» WORK TO BE COMPLETED: Lines that include the string "Green" are the ones to copy from the entries below.

--- START ---

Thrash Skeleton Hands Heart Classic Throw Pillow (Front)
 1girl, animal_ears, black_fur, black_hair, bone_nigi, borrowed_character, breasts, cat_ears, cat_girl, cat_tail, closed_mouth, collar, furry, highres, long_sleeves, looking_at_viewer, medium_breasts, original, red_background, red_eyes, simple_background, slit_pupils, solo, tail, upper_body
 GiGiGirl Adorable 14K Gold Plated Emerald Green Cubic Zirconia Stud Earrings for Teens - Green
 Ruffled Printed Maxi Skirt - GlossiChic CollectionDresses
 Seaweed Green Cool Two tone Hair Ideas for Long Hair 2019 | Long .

--- END ---

» SOLUTION TO THIS PROBLEM:
 GiGiGirl Adorable 14K Gold Plated Emerald Green Cubic Zirconia Stud Earrings for Teens - Green
 Seaweed Green Cool Two tone Hair Ideas for Long Hair 2019 | Long .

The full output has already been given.